While it is not possible to be absolutely certain this is the origin of “Sell in May”, it does make some sense. Trading activity was likely to be affected by the absence of a number of key players. News in those days took some time to percolate through to investors and markets, so for many it made sense to close out share positions and sit on the cash until activity returned to normal in the autumn. Bear in mind that pension funds and insurance companies did not take investing in equities seriously until well after the end of the Second World War.

Evolution not revolution

There are other reasons for giving credibility to this line of thinking. Share ownership was concentrated into a very few hands until comparatively recently. While pension funds and insurance companies were playing an increasingly important role during the 1950s and 1960s, unit trusts did not start proliferating until the mid 1980s on the back of a giant leap in personal share ownership stimulated by Thatcher privatisations and the demutualisation of several building societies and insurance companies. And, of course, this also marked the beginnings of globalisation in investment, widening the choices of domestic investors and bringing many more players into our arena, not to mention the way in which major companies were diversifying internationally.

The long term perspective

So sell in May is looking an increasingly outdated concept. Indeed, there is plenty of evidence that trying to add value by jobbing in and out of the stock market is actually more likely to destroy value. I believe it was Warren Buffett who once remarked that it is time, not timing, that investors need to employ in their investment strategy. In other words, find an investment that research suggests will be an appropriate and successful home for your money and stick with it over the longer term. There will be periods when it might suffer from adverse market conditions, but endeavouring to sell and repurchase to try and iron out market fluctuations is generally a mugs game. As another investment aphorism goes, no-one rings a bell at the top of the market – or at the bottom, for that matter.

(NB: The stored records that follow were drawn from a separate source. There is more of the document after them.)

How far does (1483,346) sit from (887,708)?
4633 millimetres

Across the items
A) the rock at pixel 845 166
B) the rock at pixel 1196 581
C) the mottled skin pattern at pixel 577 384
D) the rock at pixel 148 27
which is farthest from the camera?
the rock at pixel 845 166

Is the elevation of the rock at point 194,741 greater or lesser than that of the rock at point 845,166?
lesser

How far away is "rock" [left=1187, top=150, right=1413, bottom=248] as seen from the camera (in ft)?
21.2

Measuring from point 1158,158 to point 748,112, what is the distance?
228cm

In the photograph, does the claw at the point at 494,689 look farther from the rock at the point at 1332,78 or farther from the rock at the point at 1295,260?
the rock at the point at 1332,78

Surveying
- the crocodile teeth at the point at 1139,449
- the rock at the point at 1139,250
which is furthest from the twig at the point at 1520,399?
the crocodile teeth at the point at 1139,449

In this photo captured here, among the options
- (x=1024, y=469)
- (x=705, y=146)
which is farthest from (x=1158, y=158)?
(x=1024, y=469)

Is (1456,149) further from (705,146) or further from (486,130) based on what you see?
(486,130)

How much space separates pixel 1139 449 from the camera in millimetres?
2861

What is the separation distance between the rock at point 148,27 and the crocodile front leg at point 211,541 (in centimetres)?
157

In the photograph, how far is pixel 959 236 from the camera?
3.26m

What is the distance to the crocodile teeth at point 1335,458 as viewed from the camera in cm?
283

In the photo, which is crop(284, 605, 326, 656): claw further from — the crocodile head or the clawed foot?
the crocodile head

For those of us who use funds to provide investment solutions, there are some sectors that are better suited to a buy/hold strategy than others. In some measure choosing the sectors to hold through thick and thin is not unlike building a core/satellite approach to portfolio construction, with the core holdings being the ones you retain, regardless of market fluctuations. Clearly, those sectors that provide access to broad geographic sectors, such as UK All Companies, North America, Europe and Far East fit in well, while UK Equity Income also looks a natural.

I am reminded of an advertisement that M&G ran in the aftermath of the stock market crash of 1987. The sheer speed and extent of this stock market correction undermined the confidence of even seasoned and experienced investors, let alone those that had become investors through the privatisations and demutualisations of a few years before. M&G had launched its Dividend Fund in 1963. It was able to point to the fact that the income generated each year was around one and a half times the capital value invested by those who bought at launch 25 years previously. If ever a case were to be made for buying and holding, that was certainly one.

Brian Tora is a consultant to investment managers, JM Finn.